What are the two dimensional abelian Lie subgroups of SL(2,R)?

Question

I have found that affine subgroups is one of the two-dimensional subgroups of SL(2,R). Up to isomorphism is it the ultimate two dimensional subgroup? I have taken the two dimensional Lie algebras and see up to isomorphism there are two such cases, abelian and non-abelian. Non-abelian case gives us the affine group. Abelian case give us diagonal matrices but since trace zero in sl(2,R) it becomes one-dimensional.

Answer 1

The Lie algebra $\mathfrak{sl}(2,\mathbb R)$ has no $2$-dimensional Abelian Lie subalgebras. Therefore, there are no Abelian $2$-dimensional Lie subgroups of $\mathrm{SL}(2,\mathbb R)$.

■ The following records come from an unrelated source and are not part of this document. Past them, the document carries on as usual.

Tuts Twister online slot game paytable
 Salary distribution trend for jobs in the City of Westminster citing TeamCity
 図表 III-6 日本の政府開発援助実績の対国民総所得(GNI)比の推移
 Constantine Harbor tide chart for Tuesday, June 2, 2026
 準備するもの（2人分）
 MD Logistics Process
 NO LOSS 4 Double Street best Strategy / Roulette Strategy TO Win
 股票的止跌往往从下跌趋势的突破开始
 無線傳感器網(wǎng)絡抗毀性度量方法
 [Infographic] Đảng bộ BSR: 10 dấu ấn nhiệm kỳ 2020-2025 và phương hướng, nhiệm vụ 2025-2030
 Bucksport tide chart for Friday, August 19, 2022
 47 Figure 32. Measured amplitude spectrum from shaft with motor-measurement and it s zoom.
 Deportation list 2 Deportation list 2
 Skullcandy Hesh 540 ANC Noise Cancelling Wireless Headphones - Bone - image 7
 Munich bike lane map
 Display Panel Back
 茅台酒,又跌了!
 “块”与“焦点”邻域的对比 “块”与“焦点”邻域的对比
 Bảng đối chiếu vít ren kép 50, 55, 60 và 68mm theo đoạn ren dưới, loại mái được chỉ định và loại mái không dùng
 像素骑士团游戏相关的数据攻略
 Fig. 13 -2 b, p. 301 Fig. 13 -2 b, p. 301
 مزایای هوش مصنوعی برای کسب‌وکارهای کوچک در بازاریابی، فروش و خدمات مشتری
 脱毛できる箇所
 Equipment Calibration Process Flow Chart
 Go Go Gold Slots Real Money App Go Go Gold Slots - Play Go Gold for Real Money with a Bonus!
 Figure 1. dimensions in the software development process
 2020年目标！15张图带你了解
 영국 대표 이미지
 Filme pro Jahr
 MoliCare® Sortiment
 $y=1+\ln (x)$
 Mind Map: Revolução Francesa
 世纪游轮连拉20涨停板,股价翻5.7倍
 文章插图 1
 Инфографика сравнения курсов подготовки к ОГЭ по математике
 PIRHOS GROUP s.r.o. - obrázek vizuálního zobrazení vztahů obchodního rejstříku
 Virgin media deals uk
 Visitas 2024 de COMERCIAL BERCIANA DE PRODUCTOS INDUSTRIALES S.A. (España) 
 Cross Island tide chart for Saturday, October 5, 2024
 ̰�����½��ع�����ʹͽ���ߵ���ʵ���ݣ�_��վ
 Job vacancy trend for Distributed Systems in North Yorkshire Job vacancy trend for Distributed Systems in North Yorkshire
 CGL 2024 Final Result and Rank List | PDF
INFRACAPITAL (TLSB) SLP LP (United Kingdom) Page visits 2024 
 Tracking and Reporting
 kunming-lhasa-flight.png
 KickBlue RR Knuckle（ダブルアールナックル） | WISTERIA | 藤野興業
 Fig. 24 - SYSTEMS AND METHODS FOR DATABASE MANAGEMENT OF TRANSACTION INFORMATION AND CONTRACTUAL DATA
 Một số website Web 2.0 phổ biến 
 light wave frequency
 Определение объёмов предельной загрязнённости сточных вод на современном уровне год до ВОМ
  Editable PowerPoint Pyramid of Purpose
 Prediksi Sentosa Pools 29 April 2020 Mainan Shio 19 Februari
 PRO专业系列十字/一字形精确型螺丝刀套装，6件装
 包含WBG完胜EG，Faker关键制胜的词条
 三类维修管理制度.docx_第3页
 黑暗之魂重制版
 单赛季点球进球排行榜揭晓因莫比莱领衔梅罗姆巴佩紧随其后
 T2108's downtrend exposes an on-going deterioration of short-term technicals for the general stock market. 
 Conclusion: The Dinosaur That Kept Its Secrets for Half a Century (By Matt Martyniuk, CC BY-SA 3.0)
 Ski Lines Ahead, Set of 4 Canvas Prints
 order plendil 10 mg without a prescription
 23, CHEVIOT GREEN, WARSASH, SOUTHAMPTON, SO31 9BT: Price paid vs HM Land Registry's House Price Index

In order to prove that $\mathfrak{sl}(2,\mathbb R)$ has no $2$-dimensional Abelian Lie subalgebras. let$$H=\begin{bmatrix}1&0\\0&-1\end{bmatrix},\ X=\begin{bmatrix}0&1\\0&0\end{bmatrix},\text{ and }Y=\begin{bmatrix}0&0\\1&0\end{bmatrix}.$$Then $\{H,X,Y\}$ is a basis of $\mathfrak{sl}(2,\mathbb R)$ and we have:

• $[H,X]=2X$,
• $[H,Y]=-2Y$,
• $[X,Y]=H$.

If $a_1H+a_2X+a_3Y,b_1H+b_2X+b_3Y\in\mathfrak{sl}(2,\mathbb R)$, then\begin{multline}[a_1H+a_2X+a_3Y,b_1H+b_2X+b_3Y]=0\iff\\\iff2(a_1b_2-a_2b_1)X-2(a_1b_3-a_3b_1)Y+(a_2b_3-a_3b_2)H=0\iff\\\iff\left\{\begin{array}{l}a_1b_2-a_2b_1=0\\a_1b_3-a_3b_1=0\\a_2b_3-a_3b_2=0.\end{array}\right.\end{multline}But this system is equivalent to $(a_1,a_2,a_3)\times(b_1,b_2,b_3)=0$ and this equality occurs if and only if one of the vectors $(a_1,a_2,a_3)$ and $(b_1,b_2,b_3)$ is a multiple of the other one. This proves that, if $X_1,X_2\in\mathfrak{sl}(2,\mathbb R)$ are such that $[X_1,X_2]=0$, then $\dim\operatorname{span}\bigl(\{X_1,X_2\}\bigr)\leqslant1$.